Greg Nanigian, President and CEO at Greg Nanigian and Associates, Inc. (GNA) believes sales is a very honorable profession. That said, there’s no nobility in meeting with a prospect and performing ineffectively.
“Most people don’t know the most effective ways to sell. They do what they think is the right thing to do, which is to share product knowledge,” Nanigian says. “That’s not necessarily the best way. Instead, we train people on how to develop a systematic, efficient approach to sales.”
Nanigian and NEACH Payments Group (NPG) have been collaborating this spring to offer leadership workshops geared toward banking professionals. The courses— Square Pegs/Round Holes? How to place staff in the right positions; Missing out on Branch Sales? Discover New and Proven ways to Motivate Retail Teams to Sell!; and Winning Cash Management Sales Strategies—are based on the DISC Model of assessment, as well as the Sandler method, both of which are behavioral psychology tools. The basic DISC styles are dominance, influence, steadiness, and conscientiousness. The Sandler selling process, founded by David Sandler, follows a low-pressure, consultative selling approach also determined by behavioral psychology.
“If a salesperson knows these models and uses them, they can see a 25 percent increase in sales,” Nanigian says.
One of the biggest mistakes in selling is to assume that everyone has the same style as you, Nanigian explains. The workshops’ focus on behavioral styles provides participants with a way to be more effective communicators; in a selling or customer service role, the representative can assess the prospect’s communication style—and match it.
Understanding behavioral models isn’t only successful for outside sales; it can also be effective internally as well. People can use DISC to figure out the right job for themselves or their team. For example, if someone is detail-oriented and analytical by nature, if they take on a role at work where they need to make snap decisions, they aren’t going to do as well. But once participants understand DISC methods to help figure out what their behavioral style is, they can find roles that energize instead of exhaust.

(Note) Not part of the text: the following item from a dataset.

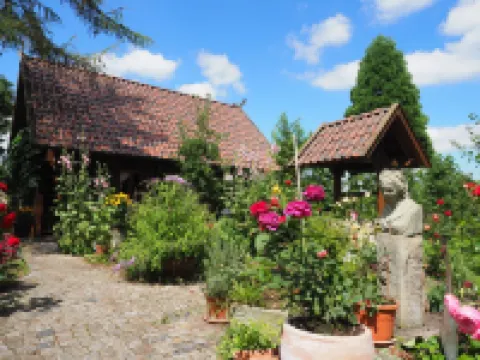 Lower Saxony warehouse with a cozy country house atmosphere for up to 6 people Hoteles en Lehrte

Selling should also be approached as part of a larger systematic process, says Nanigian, and the upcoming workshops address what that looks like. Nanigian sets up a thoughtful and multi-step method: First, establishing bonding and rapport—something that’s carried throughout the entire sales process. This is then followed by the second step: a verbal agreement.
“A verbal agreement is simply talking about what’s going to take place in a meeting. For instance, say a prospect walks into a bank, and the bank’s client service representative asks, ‘How can I help you?’ and the prospect wants to know about cash management or refinancing information or how to diversify their investments. The client services rep says, ‘Let’s sit down together to talk about your questions and how we might be able to help.’ By that, you’ve established a verbal agreement—simply to ask questions and see if it makes sense,” Nanigian explains.
The next steps over the whole sales process take participants on a journey from introduction to decision-making and long-term relationship building—a progression that Nanigian details further in his sessions. Nanigian promises that when a salesperson uses this process properly, the steps involved flow naturally.
The first workshop, Missing out on Branch Sales? Discover New and Proven ways to Motivate Retail Teams to Sell!, zeroed in on how branch managers and their teams can become more effective at selling by uncovering prospects’ needs, desires, goals, and pain points. “A branch manager needs to be a really good interviewer to find out what the client really wants,” he says.